■ **EXERCISE PROMPT**: The output should contain the listing word for word and no pictures.

■ **DATASET EXCERPT**:
──────
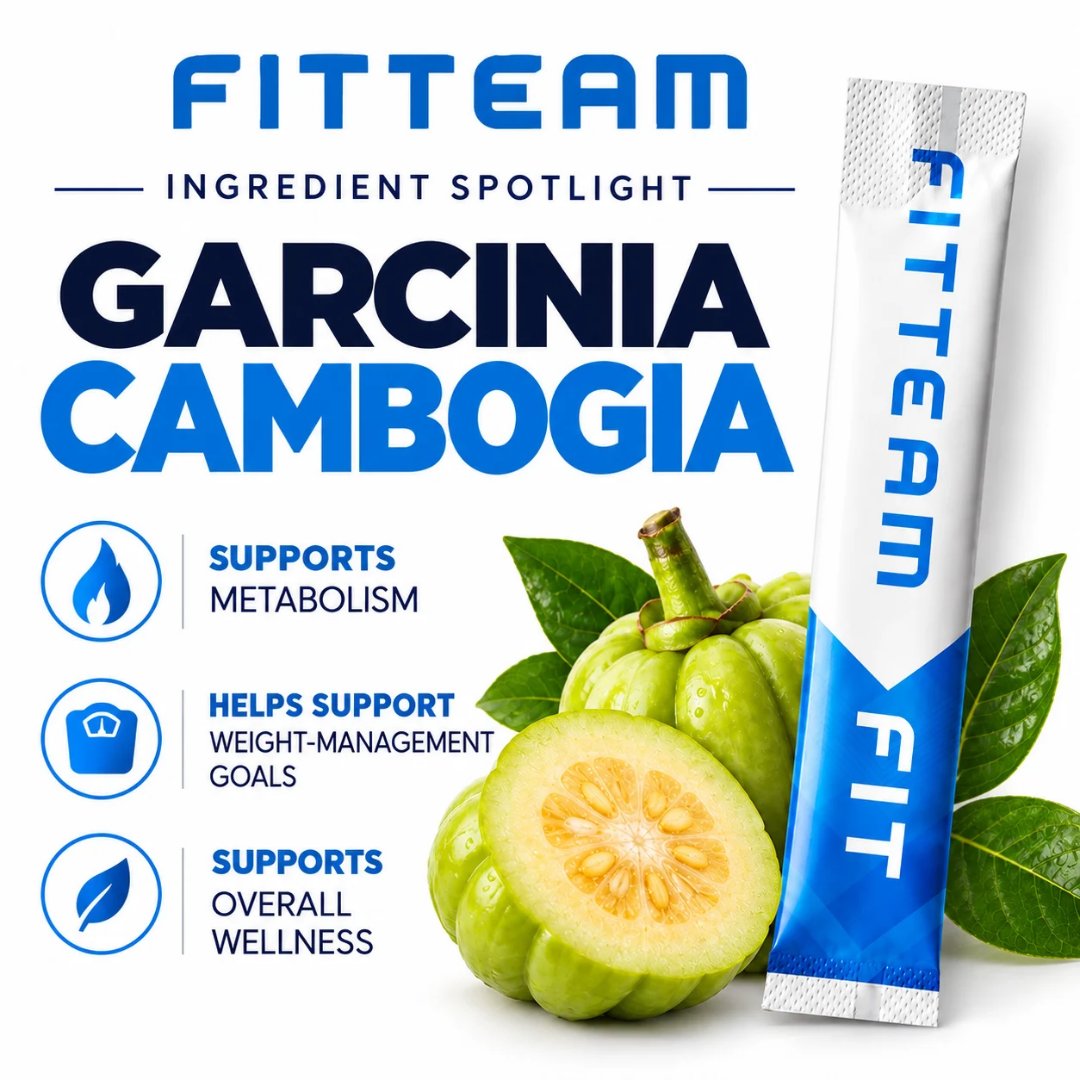 fitteamglobal's tweet photo. Ingredient Spotlight: Garcinia Cambogia
Found in FITTEAM FIT, Garcinia Cambogia is a tropical fruit traditionally used in wellness supplements. It helps support a healthy metabolism, weight-management goals, and overall wellness as part of an active lifestyle.
#fitteam #fit https://t.co/K4Dp7a9PYv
──────
■ **THE ANSWER**:
 fitteamglobal's tweet photo. Ingredient Spotlight: Garcinia Cambogia
Found in FITTEAM FIT, Garcinia Cambogia is a tropical fruit traditionally used in wellness supplements. It helps support a healthy metabolism, weight-management goals, and overall wellness as part of an active lifestyle.
#fitteam #fit https://t.co/K4Dp7a9PYv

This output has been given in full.